What you are asked to do:
The answer is a stretch of the material below, returned exactly: the line containing "Hi there. Welcome", the line containing "How to save", and all lines between.

Dataset extract:
● ● ● ● ● ● ●
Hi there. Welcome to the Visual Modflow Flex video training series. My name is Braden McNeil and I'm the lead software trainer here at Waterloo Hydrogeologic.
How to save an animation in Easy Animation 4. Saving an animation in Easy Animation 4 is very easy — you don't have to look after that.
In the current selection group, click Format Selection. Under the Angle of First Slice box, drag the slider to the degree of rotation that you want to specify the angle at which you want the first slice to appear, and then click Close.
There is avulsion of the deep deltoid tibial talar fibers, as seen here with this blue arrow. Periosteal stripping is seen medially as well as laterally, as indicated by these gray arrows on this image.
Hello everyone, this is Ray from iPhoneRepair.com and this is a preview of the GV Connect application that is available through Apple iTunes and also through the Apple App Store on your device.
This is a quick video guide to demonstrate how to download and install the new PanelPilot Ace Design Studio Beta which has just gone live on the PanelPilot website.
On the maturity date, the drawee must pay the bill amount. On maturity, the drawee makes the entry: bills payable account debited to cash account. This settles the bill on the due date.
● ● ● ● ● ● ●
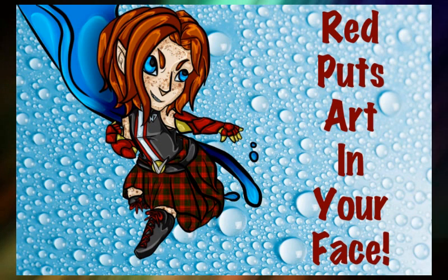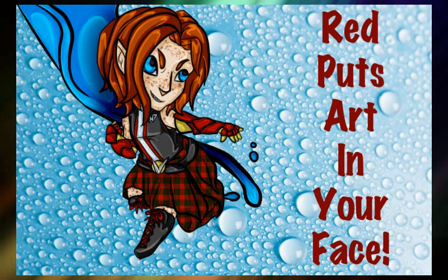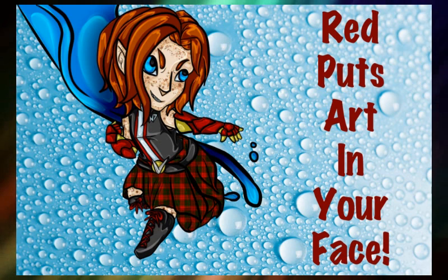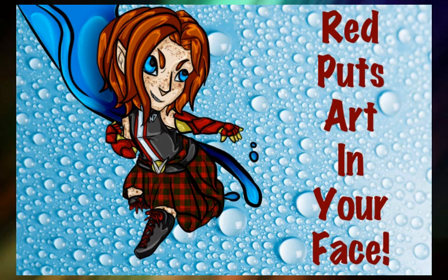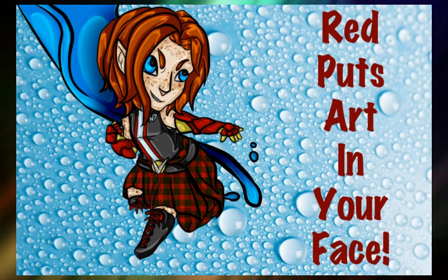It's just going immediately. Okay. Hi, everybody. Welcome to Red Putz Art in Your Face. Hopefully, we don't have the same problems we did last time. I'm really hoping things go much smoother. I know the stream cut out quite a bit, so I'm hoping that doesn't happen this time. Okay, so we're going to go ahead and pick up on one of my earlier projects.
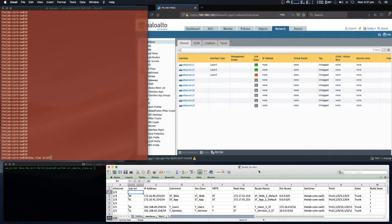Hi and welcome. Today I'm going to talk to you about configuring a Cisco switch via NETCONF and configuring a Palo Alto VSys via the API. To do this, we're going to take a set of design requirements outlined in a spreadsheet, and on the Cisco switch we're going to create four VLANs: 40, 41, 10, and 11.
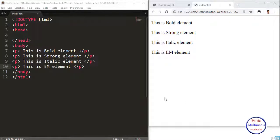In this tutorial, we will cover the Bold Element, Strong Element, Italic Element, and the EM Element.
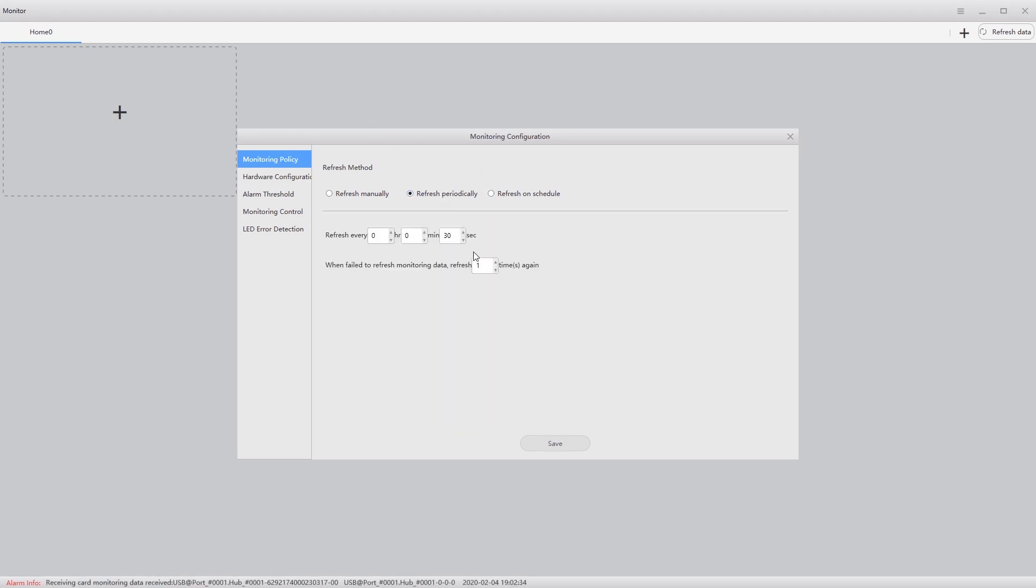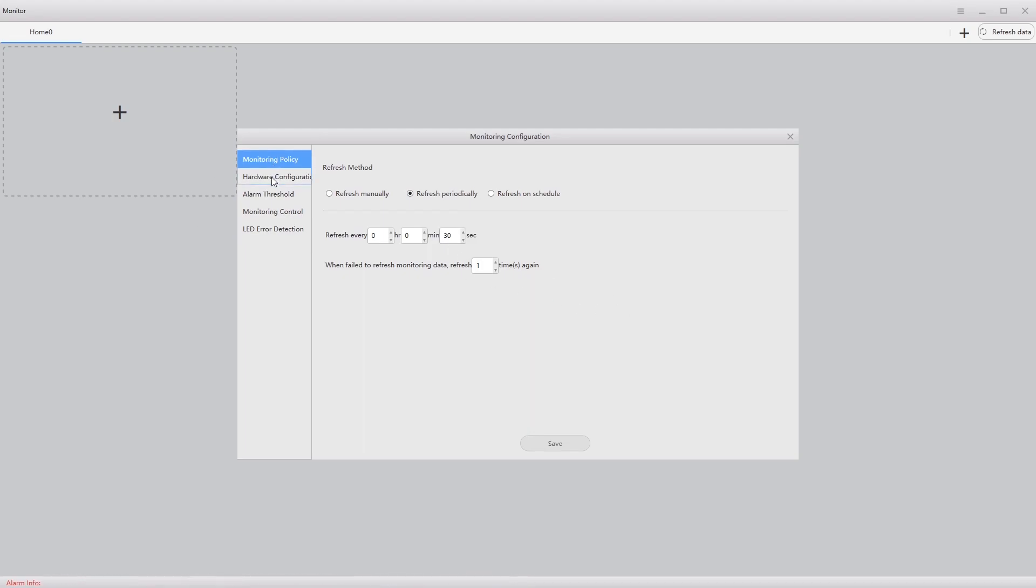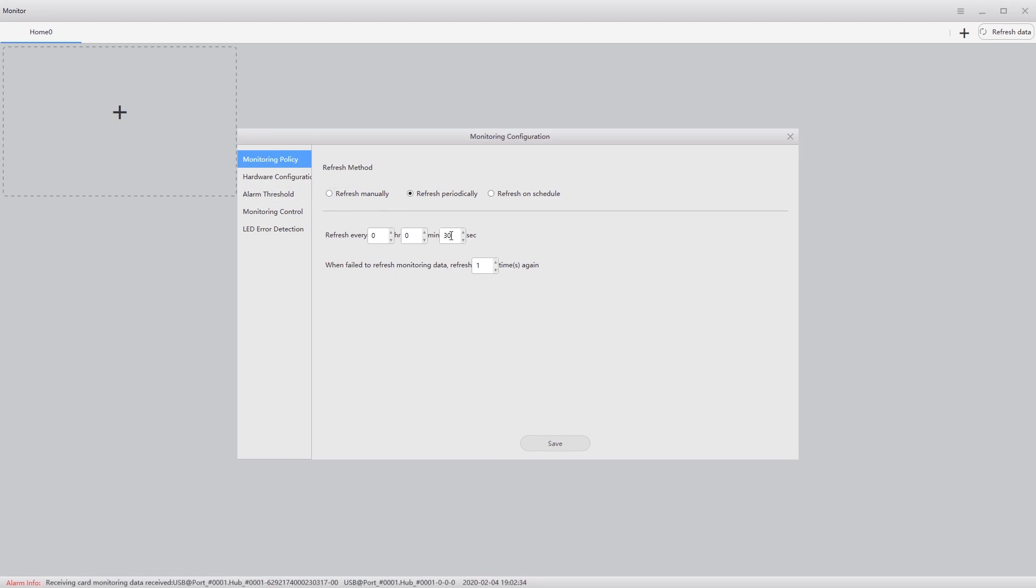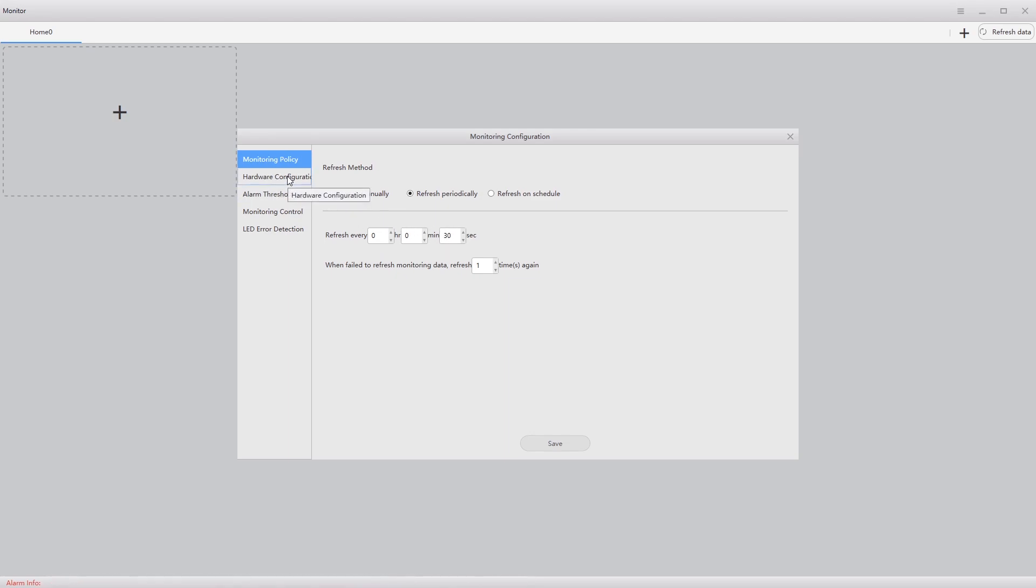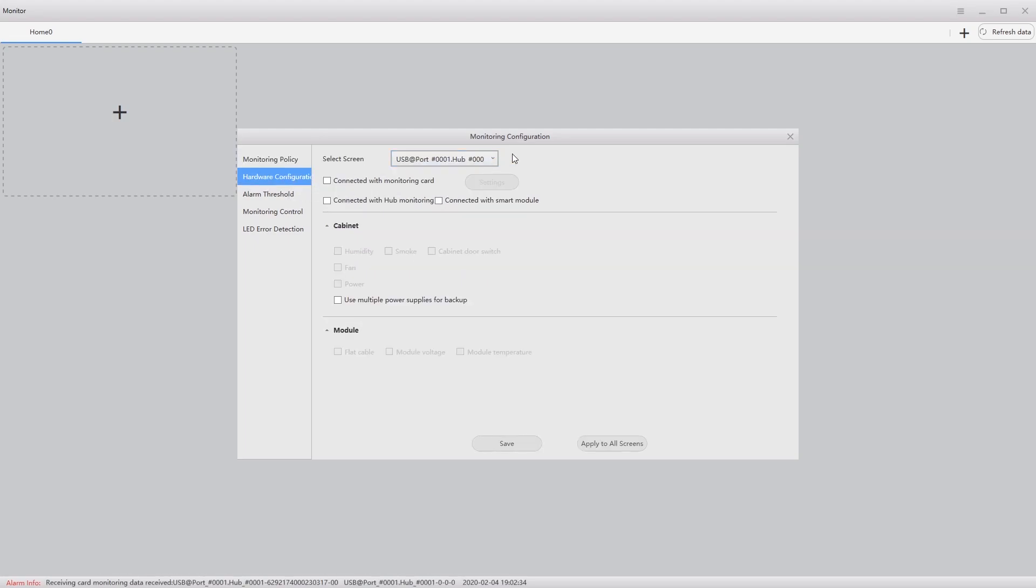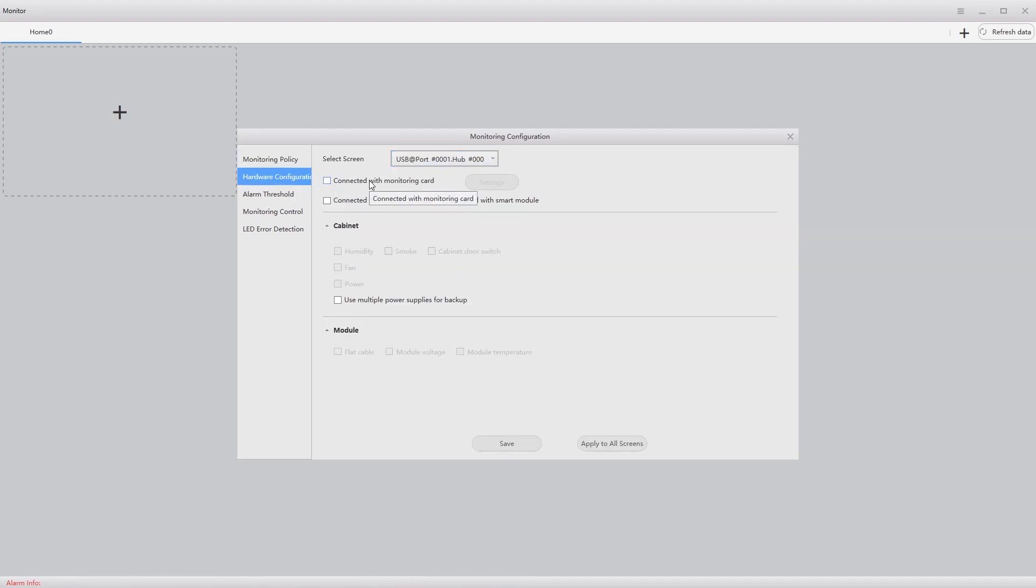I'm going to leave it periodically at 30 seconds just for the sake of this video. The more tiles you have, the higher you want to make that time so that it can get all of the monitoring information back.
● ● ● ● ● ● ●
Exercise answer:
Hi there. Welcome to the Visual Modflow Flex video training series. My name is Braden McNeil and I'm the lead software trainer here at Waterloo Hydrogeologic.
How to save an animation in Easy Animation 4. Saving an animation in Easy Animation 4 is very easy — you don't have to look after that.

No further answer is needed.